No, you don't want to see your son show you how his thumb can make a cool popping sound for the fifth time today. Neither did your mother, which is why she likely scared you into stopping by claiming you'd develop arthritis if you didn't cut it out. It seems like a plausible health excuse, but since the noise is just fluid bubbles popping in the joints, it's been proven to have no long-term effects.
"Don't swim for an hour after lunch"
"I'm sure if you tried to eat a big Thanksgiving dinner and then swim the English Channel, you might cramp up," says Jennings. But, that's true of any exercise, and there's certainly nothing special about either water or the one-hour mark that makes it okay to start jumping off the high-dive. In fact, long-distance swimmers tread water and eat in order to stay hydrated and fueled. So, if your daughter's all excited to show you her underwater handstand after a PBJ, don't fret.
"Follow the five-second rule"
Even if that double-fudge brownie looks delicious, as soon as it comes into contact with contamination, it's done. There's nothing special about five seconds that suddenly makes the germs cling on. However, studies have found that it's incredibly difficult to make food unsafe by simply dropping it on the floor. "They'd have to coat the floor in e-coli," says Jennings. "While it's impolite to eat off of the floor, it's not something for parents to freak out about." In other words, there's no real need to give up that scrumptious dessert - especially if you're the one who dropped it while hunting for a midnight snack.

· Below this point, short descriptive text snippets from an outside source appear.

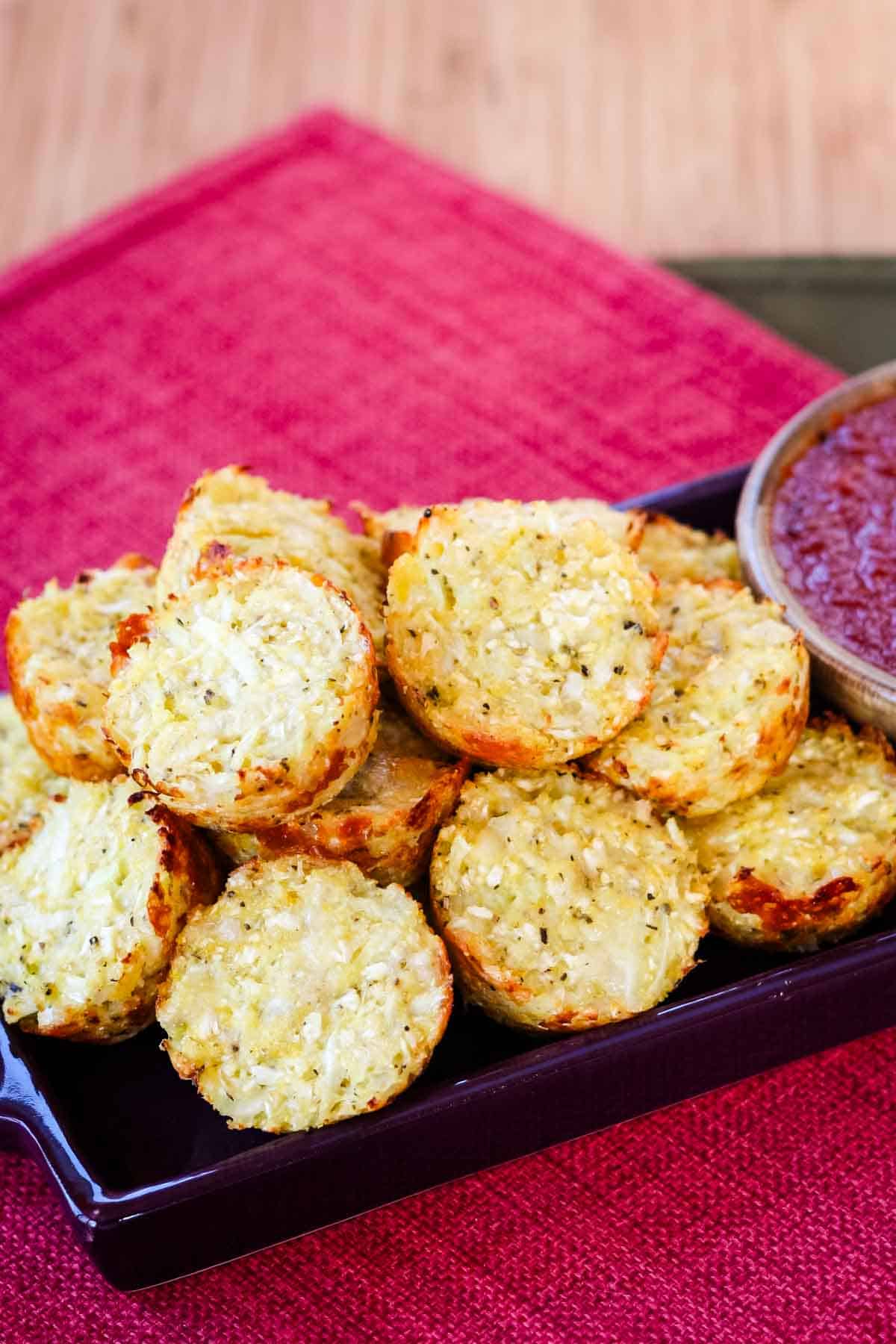 A plate of cauliflower tots on a dish on top of a red placemat.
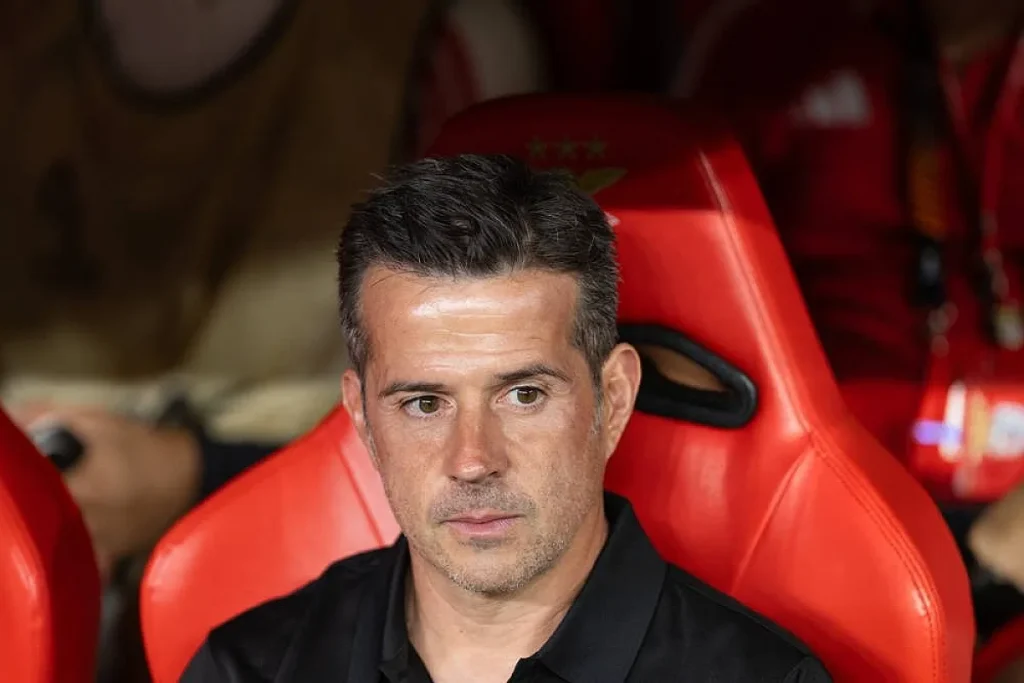 Treinador de bancada vestido de preto, sentado em cadeira vermelha num estádio, com equipamento vermelho em segundo plano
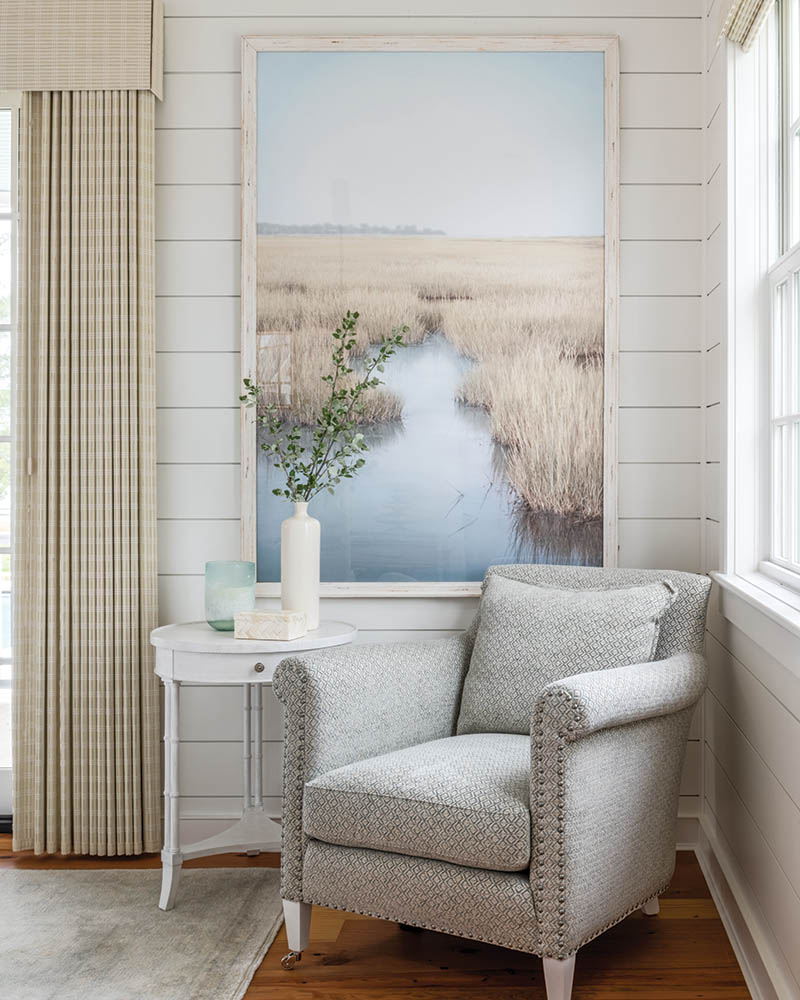 In the bedroom, an overscale framed photograph of tidewater marshes is tucked into an armchair nook. This artwork, reminiscent of the exterior, inspired the space’s palette and mood.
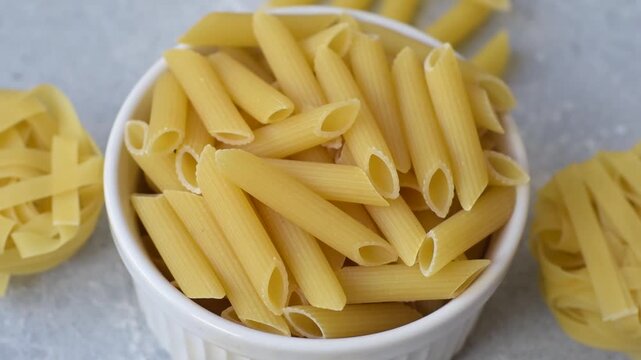 Italian uncooked dry penne regate pasta ready for cooking. Dry penne pasta as a food background for your design.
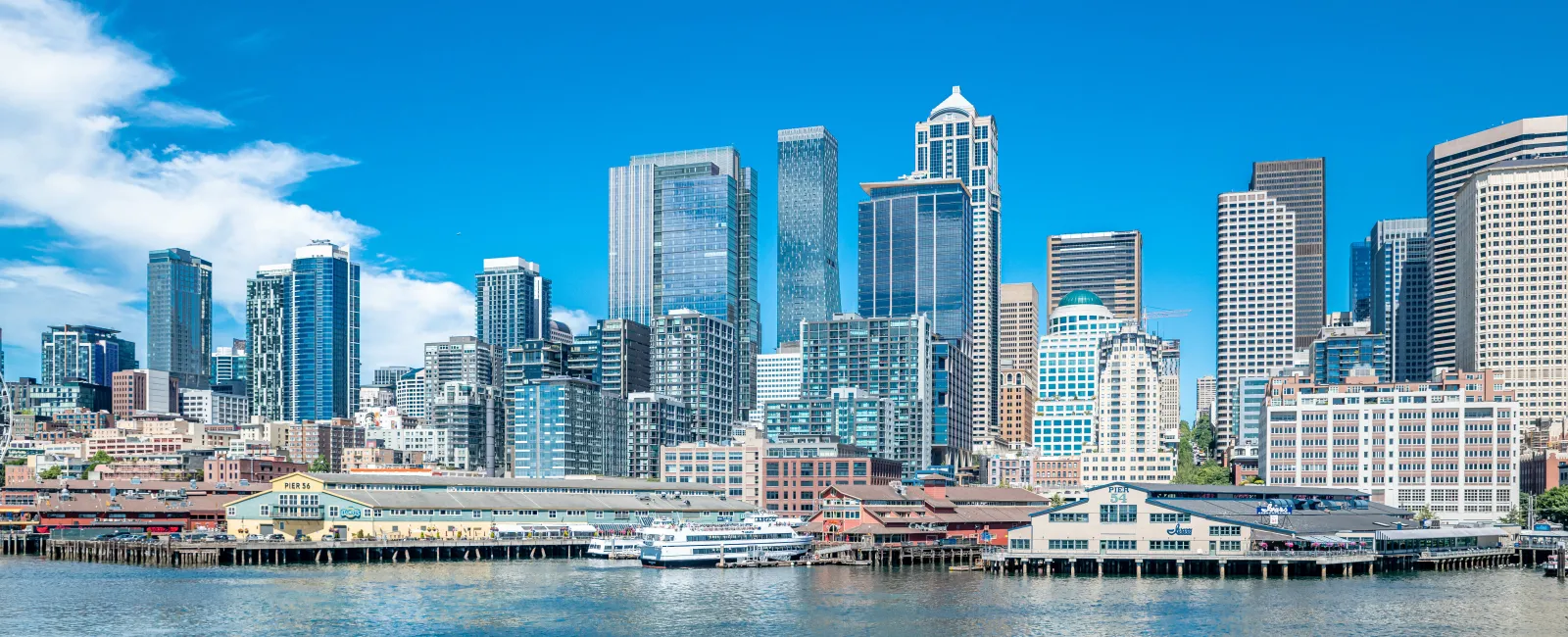 Seattle city skyline with tall skyscrapers and waterfront under a clear blue sky.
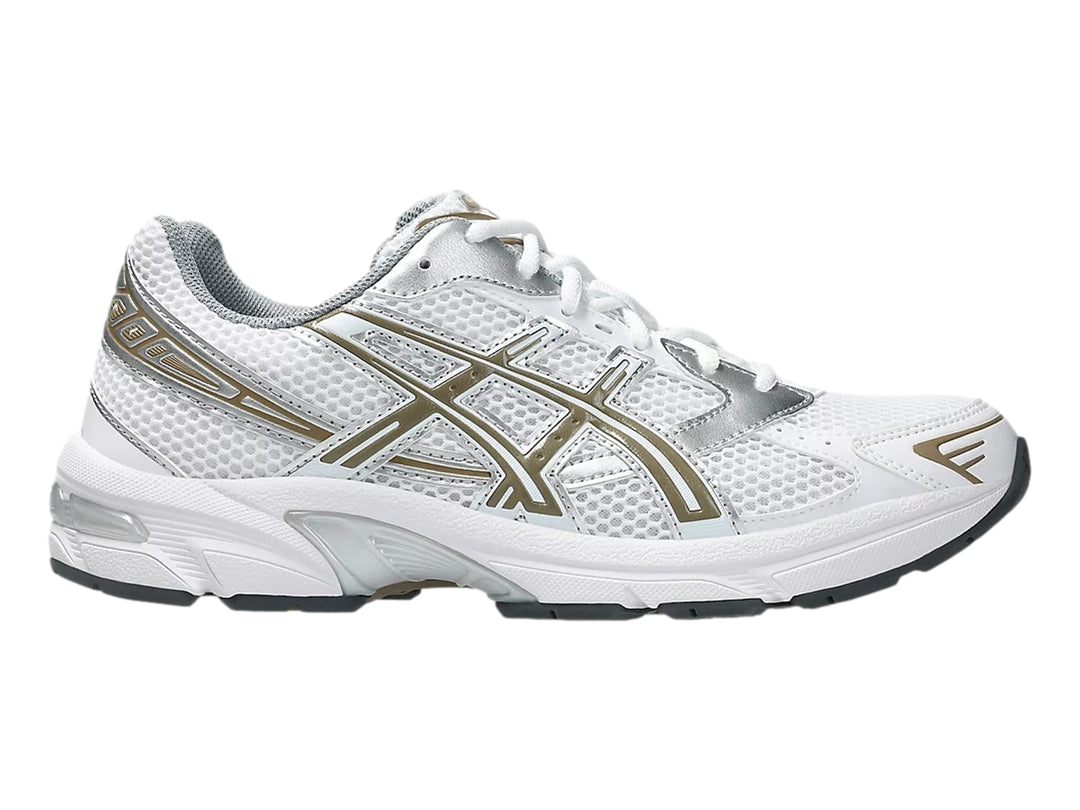 Tenis deportivos ASICS GEL-1130 en color blanco con detalles dorados y grises, vista lateral.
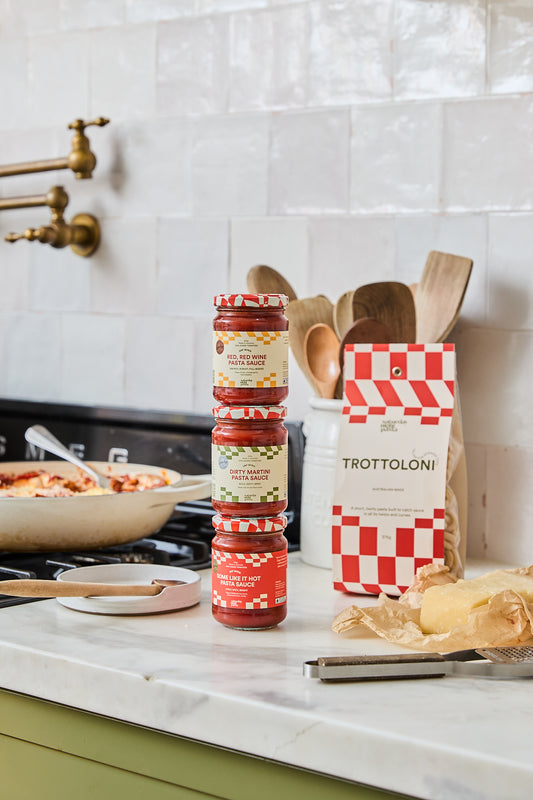 Three jars of Saturday Night Pasta sauce stacked vertically next to a red and white checkered bag of the same brand on a kitchen counter, with a pan of pasta and kitchen utensils in the background.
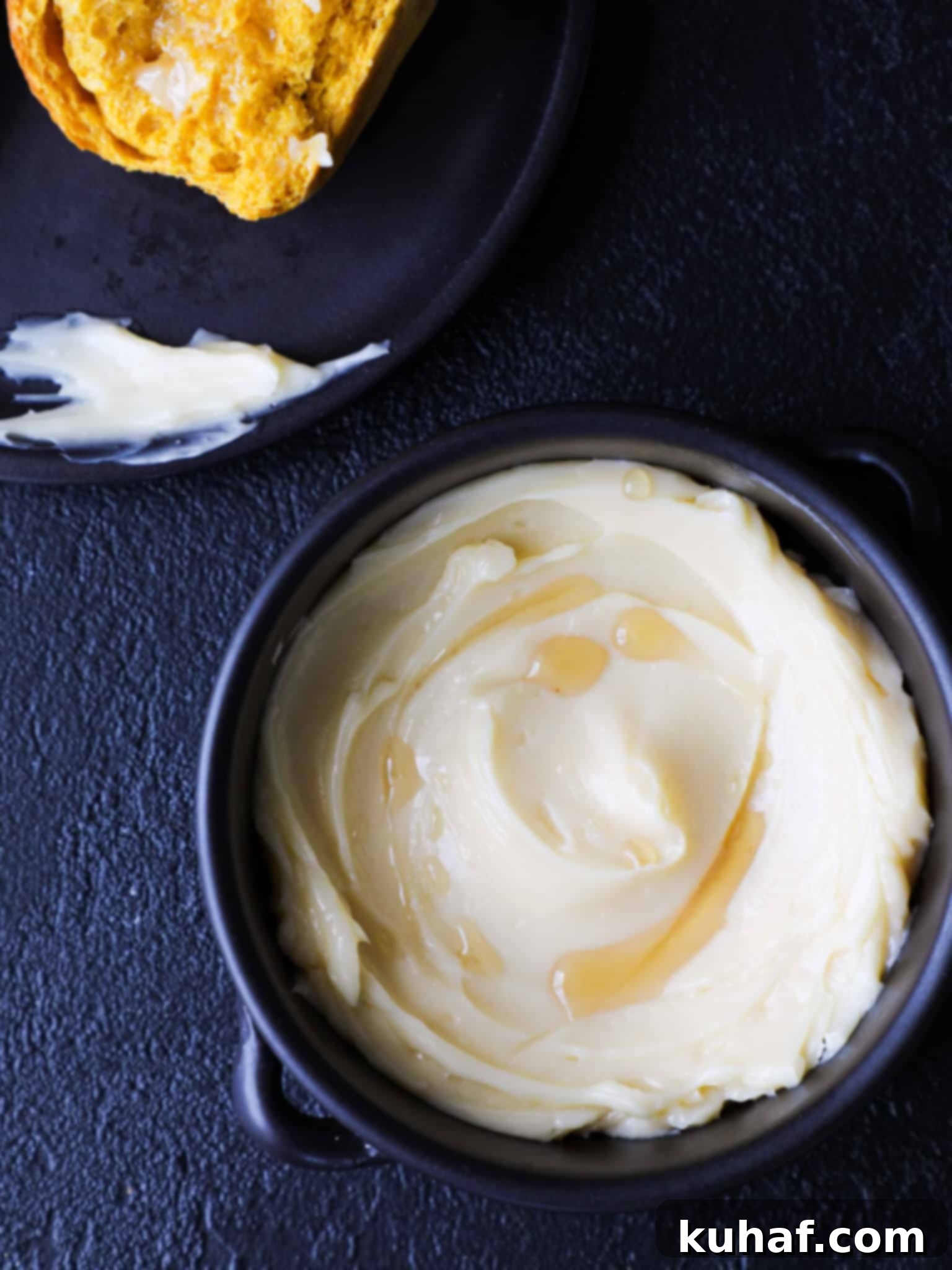 Artisan Maple Butter 5 Homemade Maple Butter with a delicate drizzle of maple syrup over it, highlighting its rich, sweet nature and smooth texture.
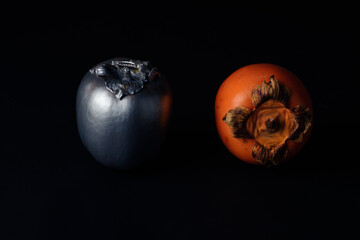 Artistic approach of natural and silver persimmons on a black background against light.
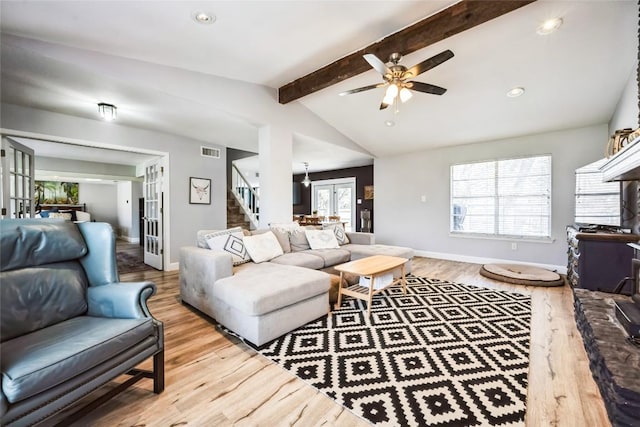 living area with wood finished floors, visible vents, lofted ceiling with beams, ceiling fan, and stairs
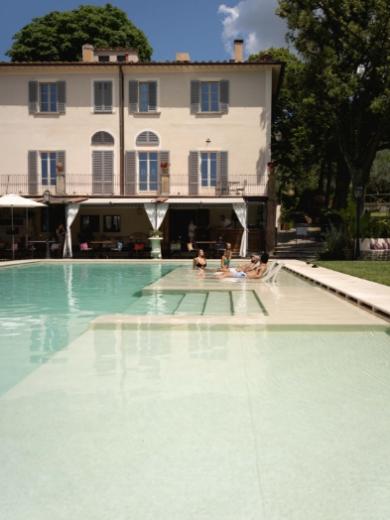 Villa storica con piscina, persone rilassate a bordo vasca in una giornata soleggiata.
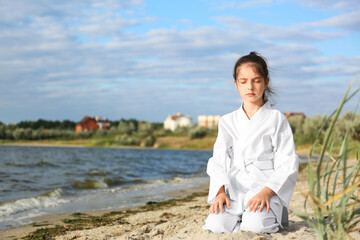 Naklejka na ściany i meble Cute little girl in kimono meditating near river. Karate practicing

"Put on a hat or you'll freeze to death"
No doubt, wearing a hat will warm you up, but so will a jacket, gloves, and a scarf. "If we said 'my feet are cold,' my mom said, 'put on a hat,'" says Jennings. Sure, you lose heat through your head, but it happens at the same rate as any other part of your body. If your ears are tingling, it's time for a topper. But if the biting cold is affecting your hands, a beanie won't do you much good.
"Let that cut air out so it heals"
"Moms love scabs," jokes Jennings. But since the 1960s, doctors have known that wounds heal more quickly when they remain moist, not get crusty. Dab Vaseline or ointment on a cut, and cover it with a Band-Aid at all times. Yes, even overnight.
"Don't sit so close to the TV"
Whereas you may ban your kids from perching directly in front of the screen and send them to couch for fear of eyestrain, your parents likely had a different reason for insisting you keep your distance from the set. In the late 1960s, a number of televisions were recalled for emitting x-rays. But, this was more than 40 years ago, and so far as eyestrain, a short break from staring should cure any headaches or blurry vision. If your son wants to observe Teenage Mutant Ninja Turtles from only a few feet away, there's no reason not to let him.
"Shaving makes hair grow back thicker"
Middle school may be the only time in a girl's life that she's excited to do this beauty chore, so allow her to have her fun. Although hairs may appear coarser appear after shaving, the reality is that the end of the hair is merely blunter because longer hairs taper more than shorter ones. The hair follicle, which is set below the skin, has no idea it's being trimmed, and cannot respond by multiplying.
"Sip soda to settle your stomach"
The idea that bubbles - whether from ginger ale or soda - will help an upset tummy is age-old, but quite the opposite is true. Since soda adds bloat and is often sugary, it's likely to make you feel worse, not better. Studies have shown that ginger fights nausea in chemotherapy patients, but the amount in a can or glass of ginger ale is too small to have a similar effect on a flu-ridden child. However, it's vital to stay hydrated when sick, and water's the best bet for the job.